The Home Office has been accused of hypocrisy after saying the message “go home” was an example of a racist hate crime, despite having previously emblazoned the same slogan on vans in a bid to encourage illegal migrants to leave the country.

In a video posted on Twitter by the department this week as part of a new campaign to encourage people to report hate crime, a young black man talks about the hate he receives from strangers online.

Babatunde Ogunsina aka Baba T, a blogger, says: “Nobody prepares you for the hate you get online. The hate you get from strangers, telling you to go back home or commenting on the colour of your skin. Can you imagine seeing those kinds of comments?

“Making racial comments online is a hate crime and I don’t think people realise that, and that is the scary part.”

Social media users quickly pointed out that “Go Home” vans were used by the Home Office as part of a controversial 2013 advertising campaign encouraging illegal immigrants to return to their home countries.

The campaign formed part of the “hostile environment”, and saw vehicles brandishing the slogan “go home or face arrest” sent to drive around areas with high immigrant populations.

The Home Office advert scheme urged illegal immigrants to ‘go home’

One person wrote on Twitter: “The Home Office, which deported black British citizens and sent out ‘go home’ vans around London, are tweeting about being told to ‘go back home’ and hate crime. Sickening hypocrisy.”

Another said: “Extraordinary, more than a decade of (tax-funded) propaganda campaigns literally telling people to “go home” (posters, texts, go home vans, media staged immigration raids), now a Home Office anti hate crime campaign in which ‘go home’ features as an example of racist hate crime.”

A third social media user posted the message: “It’s bad when strangers on the internet tell you to ‘go home’. But it’s perfectly acceptable to slap it on the side of vans, right?”

Minnie Rahman, public affairs and campaigns manager at the Joint Council for the Welfare of Immigrants (JCWI), said: “This is breathtaking hypocrisy from the Home Office – which not only sent ‘go home’ vans around the country but regularly targets people of colour via policies like Prevent and stop and search.

“The Home Office’s flagship ‘hostile environment’ itself has been proven by the courts to directly cause racial discrimination. If the government was serious about tackling hate crime, they would scrap the hostile environment and stop perpetuating racism.”

Why is the Home Office getting so many immigration decisions wrong?

Shadow immigration minister Afzal Khan said: “The Home Office seem to have forgotten Theresa May’s infamous ‘go home’ vans. Labour called out these vans for their blunt racism at the time.”
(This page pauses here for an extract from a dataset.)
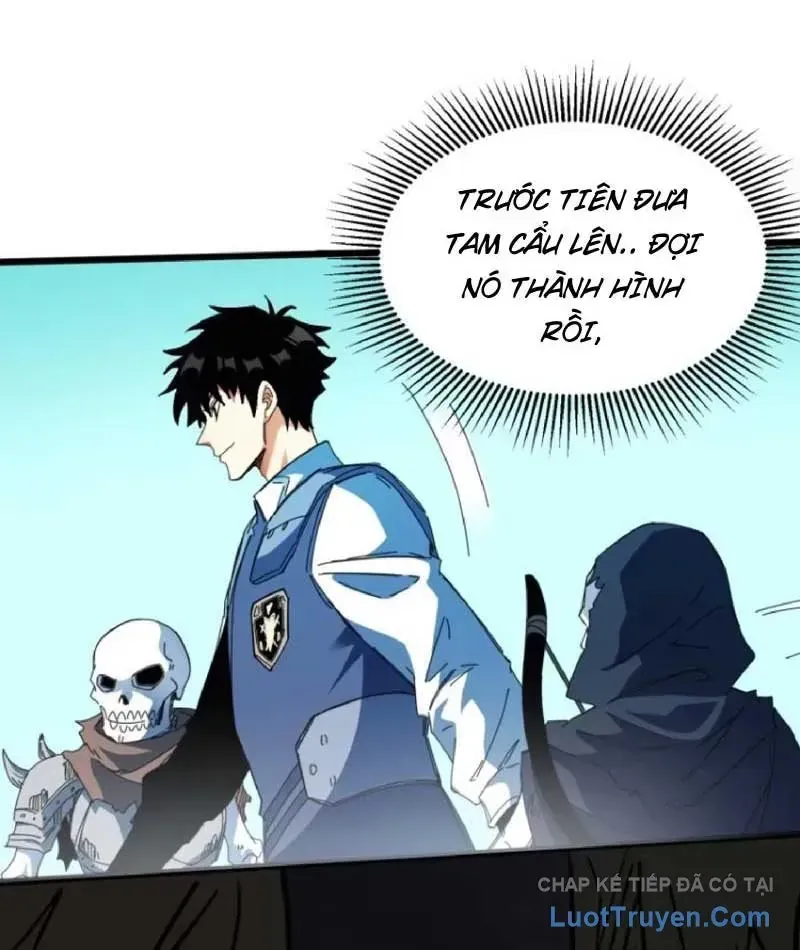 Rút Ra Thành Vong Linh Pháp Thần Chap 9 - Next Chap 10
It comes after a damning report from the United Nations found that hostile environment policies adopted by the government had entrenched racism and stoked xenophobic sentiment in the UK.

A Home Office Spokesperson said: “We are determined to raise awareness of hate crime and are taking robust action to tackle it.

“Our refreshed Hate Crime Action Plan focuses on five priority areas, to prevent crimes happening in the first place through education, funding projects to tackle issues in communities, increase reporting, improve support for victims and increasing our understanding of hate crime.”